The sixth person identified in the report is Yah Lin "Charlie" Trie, a Little Rock friend of Clinton who on Jan. 28 became the first person indicted as part of the Justice Department investigation. Last week, he pleaded not guilty to charges of obstruction of justice and campaign finance violations.
Trie is a former Little Rock restaurateur who set up an international trading business after Clinton was elected president. The report says that some of Trie's money -- although not necessarily the more than $1.2 million in contributions to the DNC and Clinton's legal defense funds with which he was involved -- was traced from Taiwan and Cambodia, but no further.

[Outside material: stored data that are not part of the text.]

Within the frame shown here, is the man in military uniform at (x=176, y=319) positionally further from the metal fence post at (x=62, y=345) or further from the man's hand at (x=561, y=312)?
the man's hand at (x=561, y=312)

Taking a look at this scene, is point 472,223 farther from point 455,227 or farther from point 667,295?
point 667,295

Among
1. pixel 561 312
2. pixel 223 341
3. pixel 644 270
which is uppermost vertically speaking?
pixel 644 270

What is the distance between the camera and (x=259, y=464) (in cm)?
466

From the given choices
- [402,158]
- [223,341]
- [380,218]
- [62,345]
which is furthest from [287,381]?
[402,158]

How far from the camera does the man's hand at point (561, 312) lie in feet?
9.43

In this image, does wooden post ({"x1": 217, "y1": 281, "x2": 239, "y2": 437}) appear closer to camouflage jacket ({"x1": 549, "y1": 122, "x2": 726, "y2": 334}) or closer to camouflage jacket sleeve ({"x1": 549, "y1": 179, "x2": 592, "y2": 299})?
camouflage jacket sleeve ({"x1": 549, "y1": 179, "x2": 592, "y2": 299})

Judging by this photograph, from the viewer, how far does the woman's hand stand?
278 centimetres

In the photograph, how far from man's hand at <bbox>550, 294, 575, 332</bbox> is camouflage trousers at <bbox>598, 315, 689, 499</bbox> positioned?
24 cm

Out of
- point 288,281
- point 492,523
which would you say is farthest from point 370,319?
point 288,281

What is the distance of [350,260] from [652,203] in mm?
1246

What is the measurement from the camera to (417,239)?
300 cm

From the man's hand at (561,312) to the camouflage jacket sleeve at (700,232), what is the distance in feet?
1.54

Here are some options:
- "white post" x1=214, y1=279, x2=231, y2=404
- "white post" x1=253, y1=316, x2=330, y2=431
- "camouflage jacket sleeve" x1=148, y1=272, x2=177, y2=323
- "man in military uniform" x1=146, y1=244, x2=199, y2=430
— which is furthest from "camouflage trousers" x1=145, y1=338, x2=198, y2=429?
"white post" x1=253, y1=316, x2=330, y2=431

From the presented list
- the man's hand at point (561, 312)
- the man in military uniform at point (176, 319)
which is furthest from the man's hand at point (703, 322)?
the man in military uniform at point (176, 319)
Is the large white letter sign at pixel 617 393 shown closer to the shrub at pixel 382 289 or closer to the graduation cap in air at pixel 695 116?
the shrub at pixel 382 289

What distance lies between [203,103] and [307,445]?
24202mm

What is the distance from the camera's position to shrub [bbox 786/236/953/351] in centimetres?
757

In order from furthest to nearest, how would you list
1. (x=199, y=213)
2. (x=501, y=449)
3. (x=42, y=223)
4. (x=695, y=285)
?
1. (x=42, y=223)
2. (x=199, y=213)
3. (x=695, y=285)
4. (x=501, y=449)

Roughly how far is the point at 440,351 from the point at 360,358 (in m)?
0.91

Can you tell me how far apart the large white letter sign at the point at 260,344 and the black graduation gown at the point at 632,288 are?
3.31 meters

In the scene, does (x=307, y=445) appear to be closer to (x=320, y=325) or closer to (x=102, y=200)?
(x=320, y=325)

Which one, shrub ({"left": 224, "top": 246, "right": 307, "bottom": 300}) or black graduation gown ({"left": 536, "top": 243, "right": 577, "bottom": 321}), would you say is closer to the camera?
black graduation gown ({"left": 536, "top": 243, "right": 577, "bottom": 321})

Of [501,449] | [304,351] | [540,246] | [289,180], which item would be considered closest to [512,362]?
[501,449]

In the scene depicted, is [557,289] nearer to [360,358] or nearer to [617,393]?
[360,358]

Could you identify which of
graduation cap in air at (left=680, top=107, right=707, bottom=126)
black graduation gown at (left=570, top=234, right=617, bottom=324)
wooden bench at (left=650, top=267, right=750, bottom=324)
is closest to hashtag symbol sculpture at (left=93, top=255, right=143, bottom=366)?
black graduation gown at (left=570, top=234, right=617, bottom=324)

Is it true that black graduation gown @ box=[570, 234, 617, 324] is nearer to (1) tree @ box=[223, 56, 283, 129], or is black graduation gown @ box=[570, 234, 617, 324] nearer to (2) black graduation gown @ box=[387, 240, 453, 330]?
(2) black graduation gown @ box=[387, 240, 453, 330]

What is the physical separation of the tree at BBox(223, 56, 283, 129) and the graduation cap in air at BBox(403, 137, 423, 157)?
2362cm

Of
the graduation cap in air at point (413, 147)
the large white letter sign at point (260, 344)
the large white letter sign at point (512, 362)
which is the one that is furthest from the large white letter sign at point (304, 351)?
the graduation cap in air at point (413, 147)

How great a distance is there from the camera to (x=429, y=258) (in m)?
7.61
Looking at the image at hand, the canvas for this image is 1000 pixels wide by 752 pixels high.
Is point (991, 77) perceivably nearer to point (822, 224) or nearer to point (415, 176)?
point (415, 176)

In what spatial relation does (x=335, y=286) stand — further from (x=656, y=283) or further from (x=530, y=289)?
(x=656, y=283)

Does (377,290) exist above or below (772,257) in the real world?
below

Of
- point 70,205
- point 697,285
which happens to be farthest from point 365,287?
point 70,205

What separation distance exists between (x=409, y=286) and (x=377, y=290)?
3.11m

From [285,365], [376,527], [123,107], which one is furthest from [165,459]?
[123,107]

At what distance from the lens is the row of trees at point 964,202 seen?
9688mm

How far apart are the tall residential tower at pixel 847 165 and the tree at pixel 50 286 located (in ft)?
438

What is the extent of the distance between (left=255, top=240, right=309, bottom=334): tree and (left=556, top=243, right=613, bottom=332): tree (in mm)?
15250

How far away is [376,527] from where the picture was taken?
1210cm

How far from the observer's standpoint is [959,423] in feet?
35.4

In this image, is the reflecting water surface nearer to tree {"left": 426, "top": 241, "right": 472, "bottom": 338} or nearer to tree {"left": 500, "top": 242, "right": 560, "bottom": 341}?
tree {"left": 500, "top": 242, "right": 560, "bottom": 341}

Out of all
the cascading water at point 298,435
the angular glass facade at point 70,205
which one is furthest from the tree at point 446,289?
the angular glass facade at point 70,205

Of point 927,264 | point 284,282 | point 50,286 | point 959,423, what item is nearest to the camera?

Sources said that a significant portion of the information on which the conclusions in the report are based comes from electronic intercepts of international phone calls or other communications obtained by the National Security Agency or from FBI counterintelligence wiretaps in this country. These were the parts of the report that were deleted or watered down from the initial draft, which was classified Top Secret/codeword.
For example, the report says "PRC officials discussed financing American elections through covert means" but gives no specifics about who, when or what was discussed. Some of this information was available in classified form, but officials said it would not prove a direct link between these individuals and specific contributions.
In another reference to what sources said is sensitive intelligence, the report says, "The committee has received information that Hsia worked with Ted Sioeng and John Huang to solicit contributions from Chinese nationals in the U.S. and abroad for Democratic causes." It is illegal for foreign nationals to give to U.S. political campaigns.
Until Trie returned to this country and appeared in court last week, all six of those cited in the report had either stayed abroad or declined to testify before the committee. In addition, the report noted that China "has denied the committee's request for assistance."
In brief form, the report summarizes previously reported information about how the Chinese developed a plan in 1995 to influence U.S. politicians. By 1996, it included efforts to make political contributions in congressional elections. In June 1996, the FBI warned six senators and congressmen that they might be targeted for Chinese contributions. The FBI informed two members of the National Security Council staff, but the information was not passed to Clinton, who later expressed public irritation at the lapse.
The Thompson report describes the Chinese plan as "a broad array of Chinese efforts designed to influence U.S. policies and elections through, among other means, financing election campaigns." The report says the information that the Chinese wanted to influence the 1996 presidential contest is "fragmentary" but cites no example.
In a summary, the report says: "Illegal foreign contributions were made to the DNC and . . . these contributions were facilitated by individuals with extensive ties to the PRC."
The report mildly criticizes the Justice Department for "a failure to share relevant classified information," as well as for delays and a lack of coordination between the FBI divisions and the Justice Department.
The report says the deletions by the U.S. intelligence agencies were justified to protect sources. "That protection is a legitimate concern," the report says, "but it has come at the cost of curtailing public knowledge and debate."